We have been very lucky to have chosen a pup that is affectionate, cuddly, playful, loyal and always extremely happy to see us, after brief times apart. As a previous cat person, I have completely fallen in love with being a dog mum for the first time. Its been lovely seeing her learn from us as quickly as she has and she seems to be quite intelligent as well. Stubborness and of course selective listening are quite common traits of Daschunds, so at times I have felt very frustrated.

In early December we had a brief holiday and we took Daola with us to Greece for 3 nights, as it had been 10 months since I had last flown home. The last time we were in Athens, we had to empty the flat that we had used for almost 5 years. This was an important decision as it still connected me to my father, which I was already estranged from.

Luckily, our trip to Greece in December wasn’t as challenging as we were worried it would be. We booked a quiet pet friendly hotel in a nice quiet area and Daola luckily slept a lot and was generally very good during the flights. Although the journey was around 7 hours in total, including trains, taxis etc..she did great for a 5 month old pup.

Staying in the hotel we chose, actually had a lot of pros if I were to compare it to the flat we had been staying in over the last years. We had breakfast made for us, we had very good WIFI (which we never had in the flat), there were no cockroaches or outdated toilet drainage systems and I didn’t need to clean anything, as I did upon arrival every previous time. The only cons of going to Greece now is that I no longer have a home there and I no longer have a father or half brother I am able to visit. Due to the toxicity of my father’s way of life, it is just impossible. This always makes me sad understandably and as it is my father’s birthday today, I am feeling even more vulnerable.

My brother unfortunately always tells me about the fact that he is sending my father his birthday gift. He also still talks about him in such an innocent manner. He just doesn’t have the capacity to understand the complexity of why it is too painful for me to talk about him. He also hasn’t seen my father act narcissistically or maybe is just not able to accept that both his parents are narcissistic. I have allowed my brother to continue living in his little bubble of my father being the non narcissist but once again I feel like I have to swallow my frustration and true feelings due my brother’s special needs.

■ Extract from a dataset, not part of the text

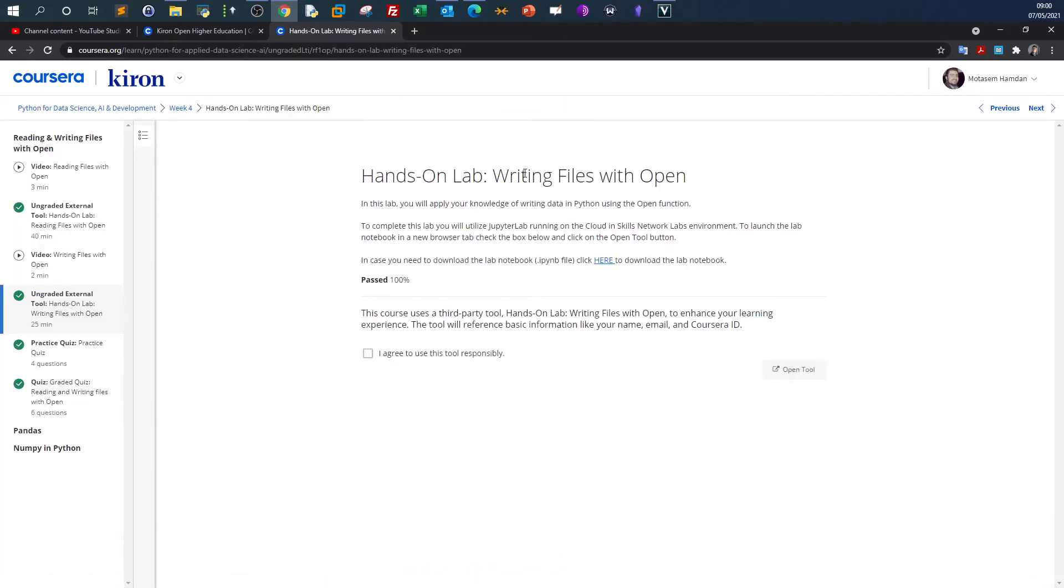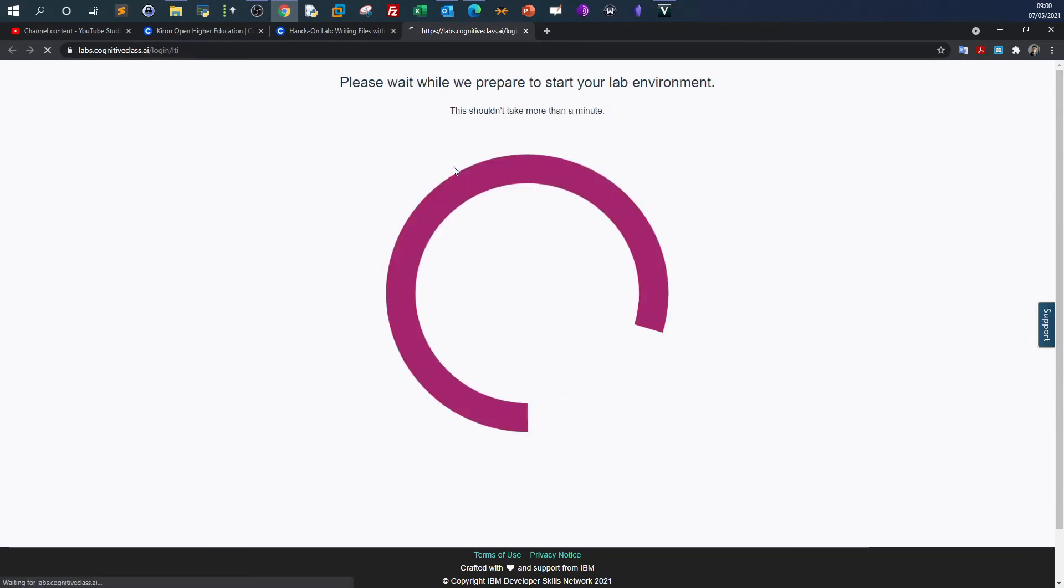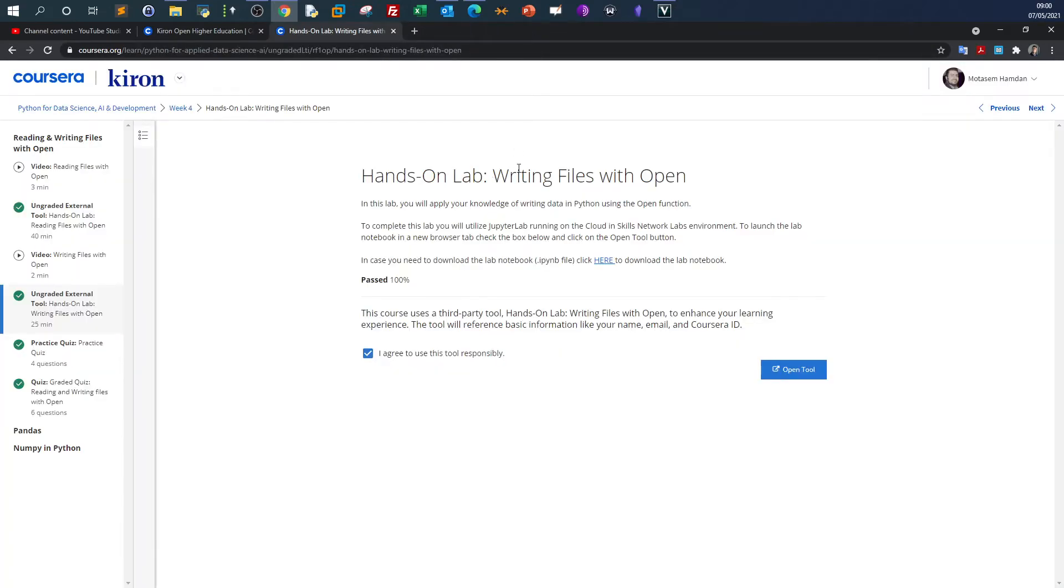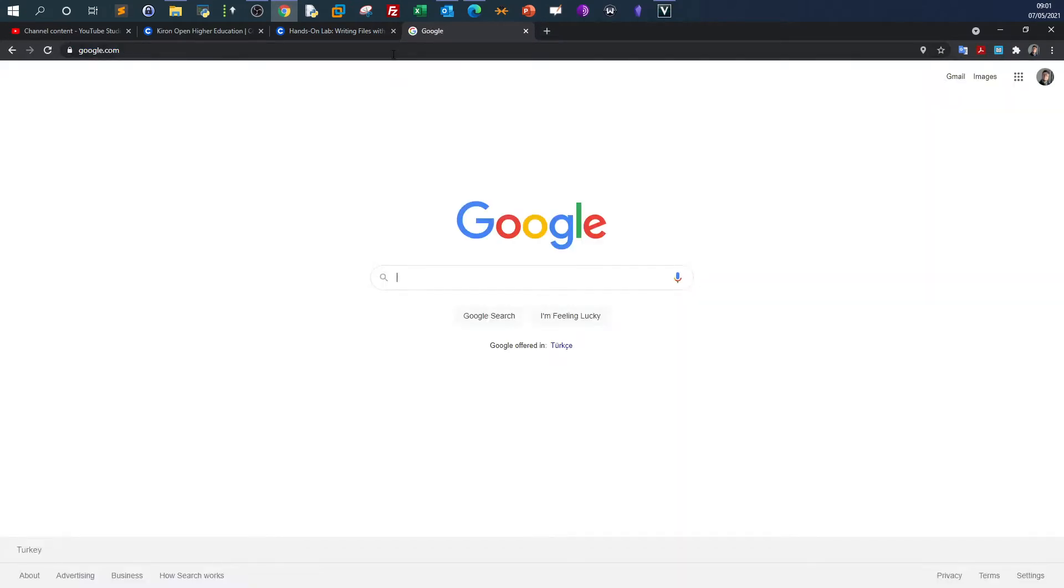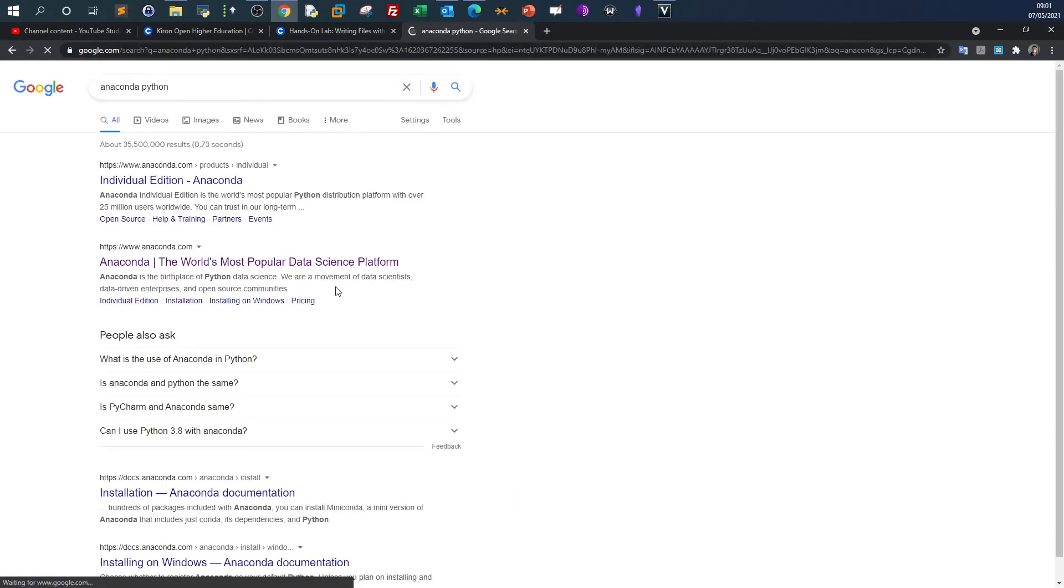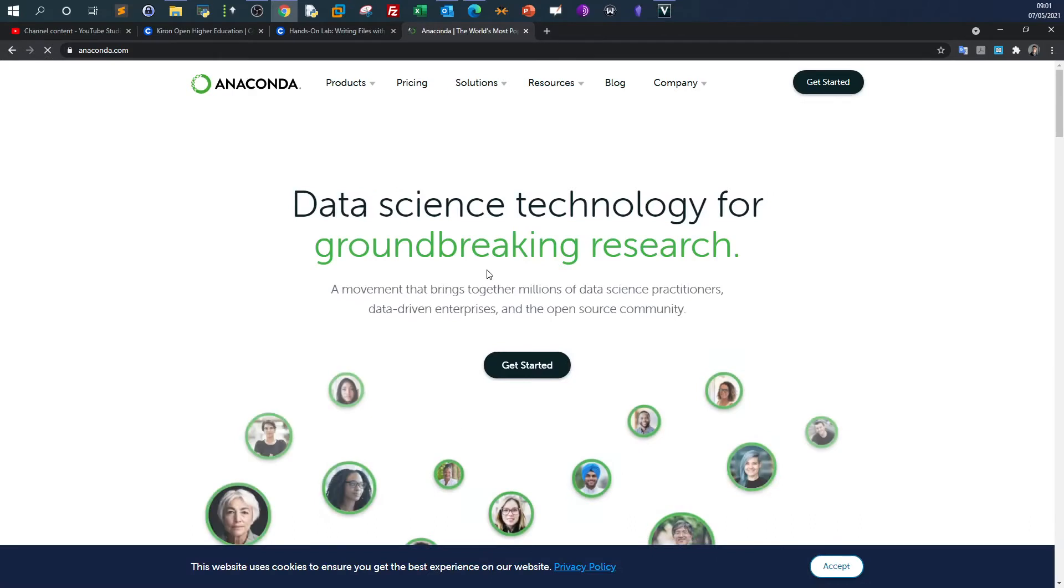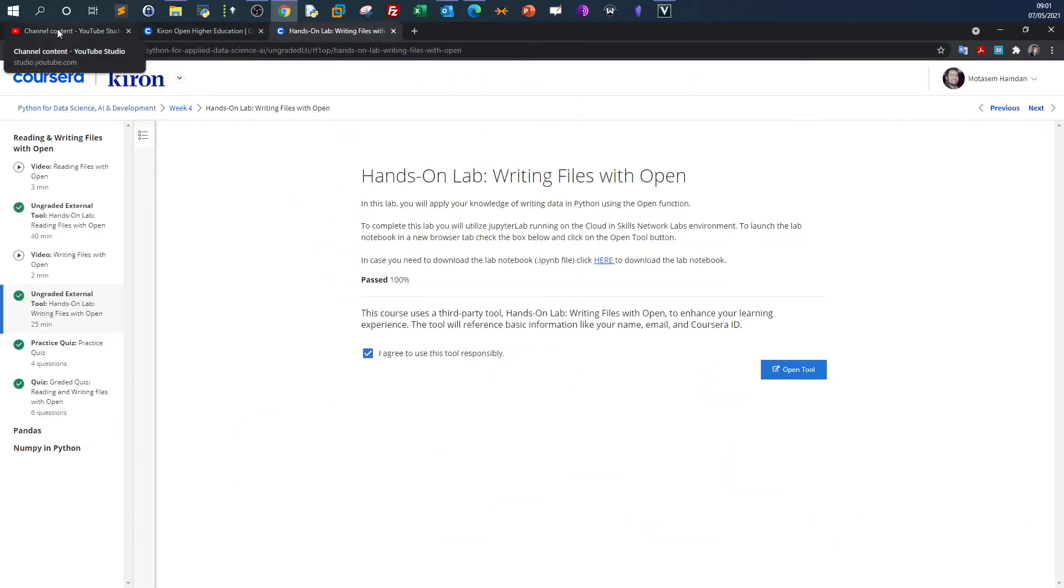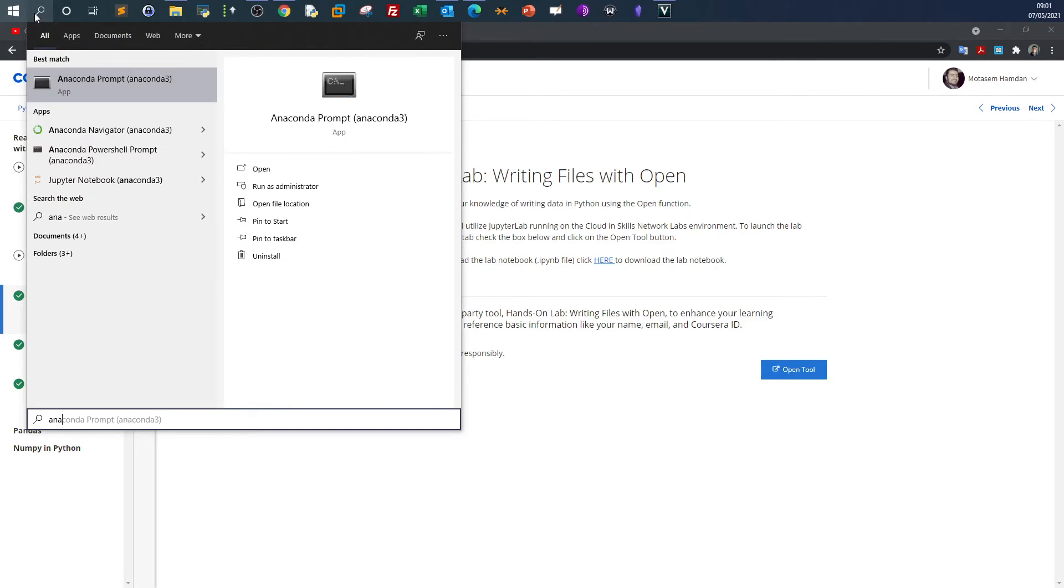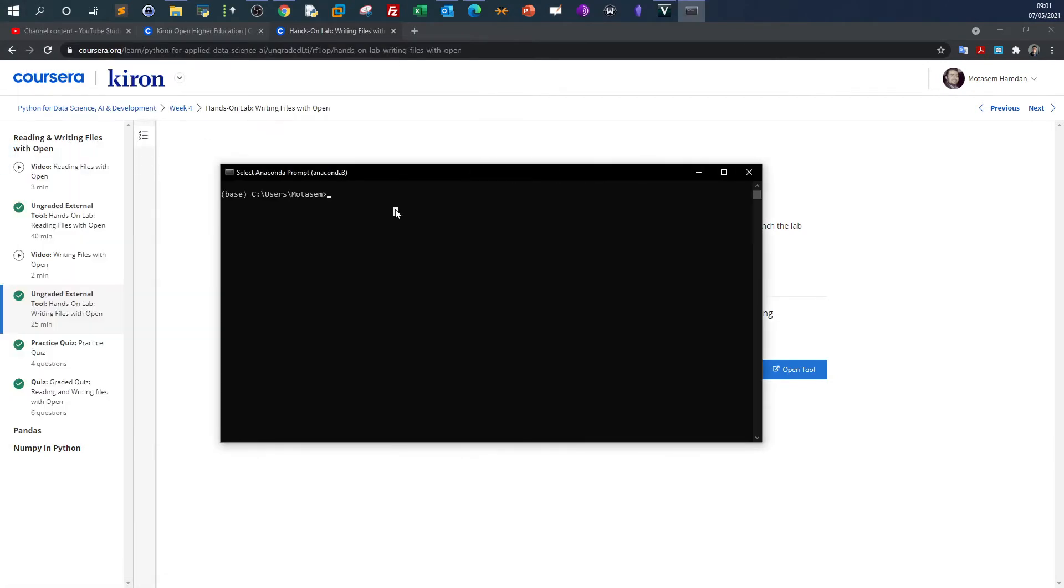Most of the labs are conducted online, but sometimes the lab doesn't open for technical reasons. If that happens to you, you can download Anaconda. Go to Google and download Anaconda. After you download Anaconda, open the command line and type 'anaconda'.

As so many of you know, I always feel very lonely at this time of year, when I realise how much I have lost. I still miss my Dad and always seem to drift into imaginary fantasies of what it could have been like if he had made healthy choices. I imagine how it could have been if he had chosen a healthy wife and had a healthy lifestyle. How we would all spend Christmas together and I would teach my half brother all sorts of important things. There was once a time, where my brother, my half brother, my Dad, his wife and I would all spend Christmas together. Although it never felt comfortable, it still meant that we had our Dad in our life. Now that is no longer the case. He is too sick to think of us affectionately. He is too addicted to his wife and current life situation. We don’t matter anymore. We used to matter much more to him, when we were still a family and he was still married to our mum.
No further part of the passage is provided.